1. During a time long before his 76th birthday, before the five Stanley Cup appearances and three rings and the Hockey Hall of Fame induction that didn’t come close to signalling a wrap on his career, Lou Lamoriello was a baseball player. He preferred catcher.
That way, he could control the game.
“I believe in hands-on,” the New York Islanders’ new/experienced driver said on the NHL Executive Suite podcast. “I don’t know any other way of doing it.”
So, Auston Matthews — Lamoriello’s last great draft pick — will tell you how Lamoriello made a point to get to know his family and how he felt sad to watch a living legend leave Toronto, where Lamoriello helped get a historic franchise back on track and groom his own successor.
“My sisters loved him, my parents loved him. They were really close. So it’s sad to see him leave the organization,” Matthews said when the news was fresher. “I got to know him over the course of the two years, and he’s a great person. I think he did so much for this organization. Everyone was so thankful to just be around a guy with his resume, already a Hall of Famer.
“Pretty sad about him leaving, but you bring in a guy like Kyle Dubas. His plan, his vision, everything he wants to accomplish, it’s very exciting. You wish Lou the best.”
Under Lamoriello, as you might have heard, the Islanders lost their captain and best player, John Tavares. But they gained the reigning Cup champion head coach, Barry Trotz, and have raised eyebrows by running neck-and-neck with Pittsburgh for the third playoff seed in the Metropolitan Division.
Lamoriello and the Isles arrive in Toronto Saturday riding a two-game winning streak and with a vastly improved defensive game.

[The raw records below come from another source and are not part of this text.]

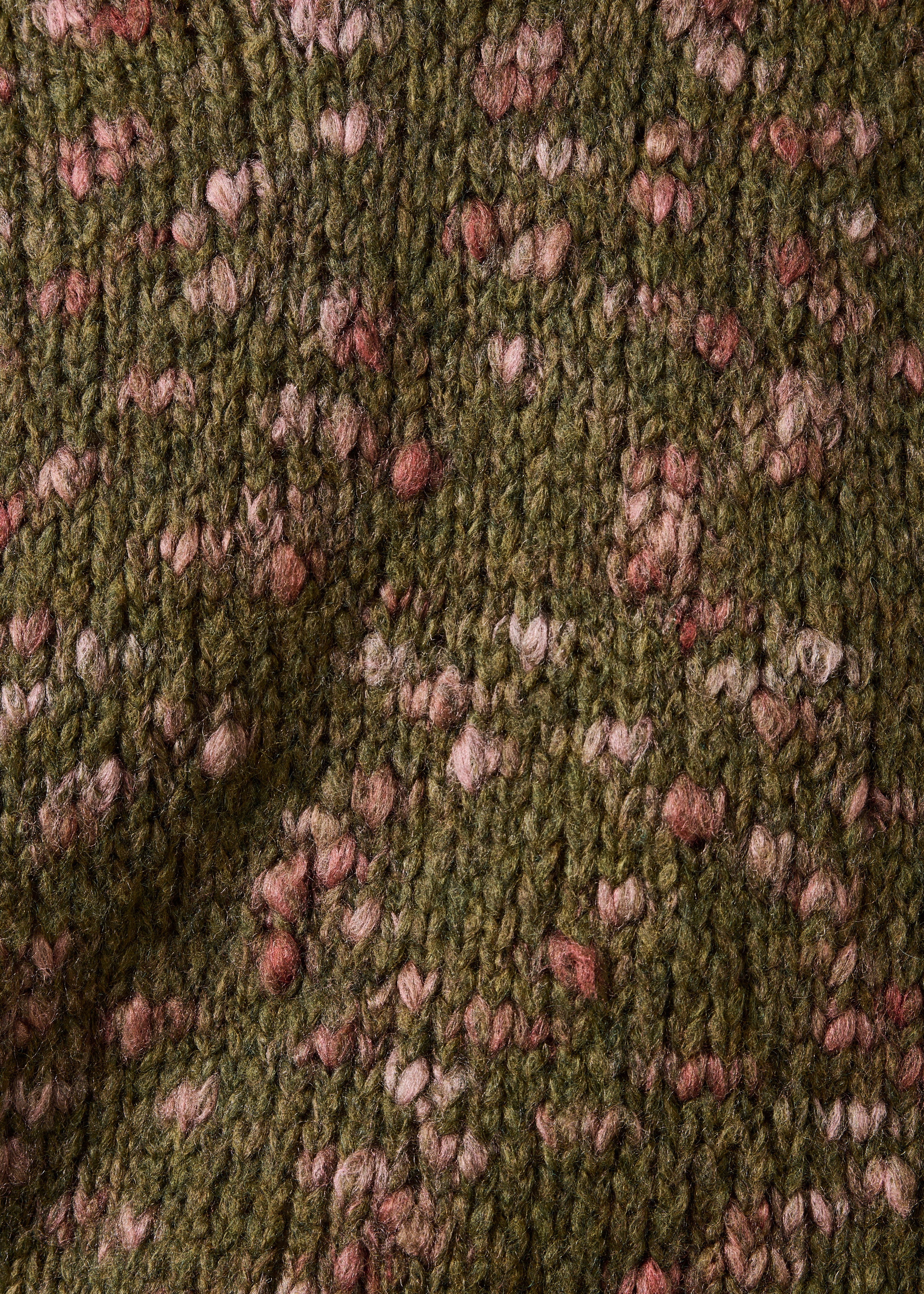 Kaki coltrui met lange mouwen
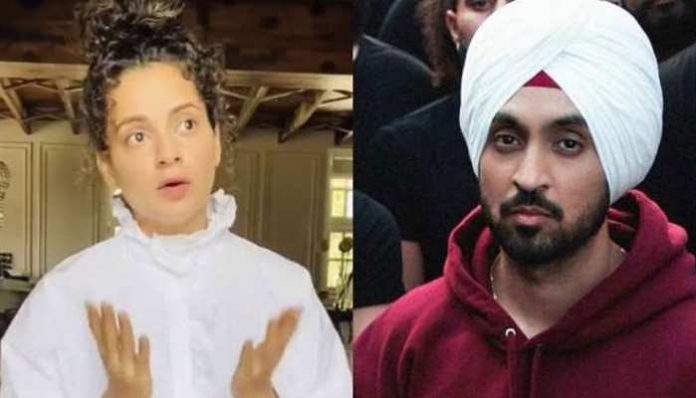 कंगना दिलजीत दोसांझ ट्विटर जंग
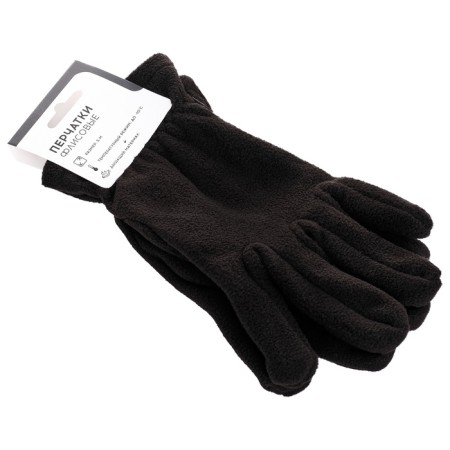 Gloves fleece, black color, s-m size-8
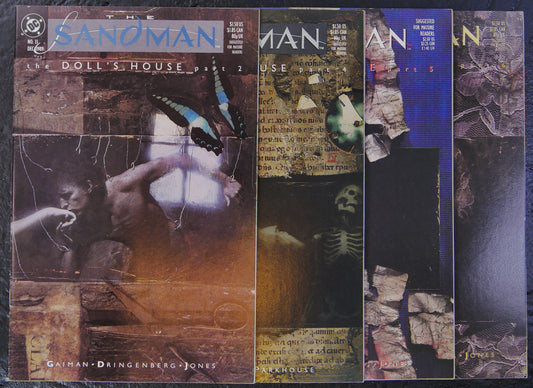 The Sandman #12-15 (1990) DC Comics four-comic lot from The Doll's House storyline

“Everybody thinks Lou just stands back. He’s constantly talking to players, guys. He’s even texting the players. I sat beside a 75-year-old guy who’s involved in texting back and forth with young men. It’s impressive,” said Mark Hunter, the former Leafs assistant GM and “a Lou guy” who left the organization when Dubas was named GM. “That’s why I felt good when I see how Lou do his business. It confirmed what you’re doing yourself, when you’re around the team interacting with players.
“You run the London Knights and you wonder if you’re doing the right things, then you see a guy like Lou and go, ‘Yeah, I’m on the right page.’”
Hunter says Lamoriello — perceived as the posterboy for the old-school hockey man — was much more interested in analytics than people give him credit for.
“I see some people say that about him. I go, ‘No.’ He’s all over statistics of kids’ ages. That stuff’s on his table Monday morning of every statistic around the whole world, and he goes through it,” Hunter explained. “He kept notes on past things a player’s done, from scoring to shots. It shocked me how much notes he kept that backed up [each] player.
“He was constantly taking notes. The Corsi, he followed. Puck possession, he was all into it. I shouldn’t even be telling this secret about him,” Hunter said, laughing. “Because you know how secretive he is.”
The Dubas Era has seen the ouster of in-your-face toughness — Leo Komarov and Matt Martin return as Islanders — and those super-vague injury updates.
Leafs can now grow all the facial hair they wish, and there’s been a noticeable uptick in player endorsement deals and a general loosening of personality.
But as was the case under Lamoriello, the club is tight on trade-rumour leaks. They all still wear helmets during warmups. And the GM has direct line to his players. It’s not uncommon to spot Dubas chatting with one of his front-line employees.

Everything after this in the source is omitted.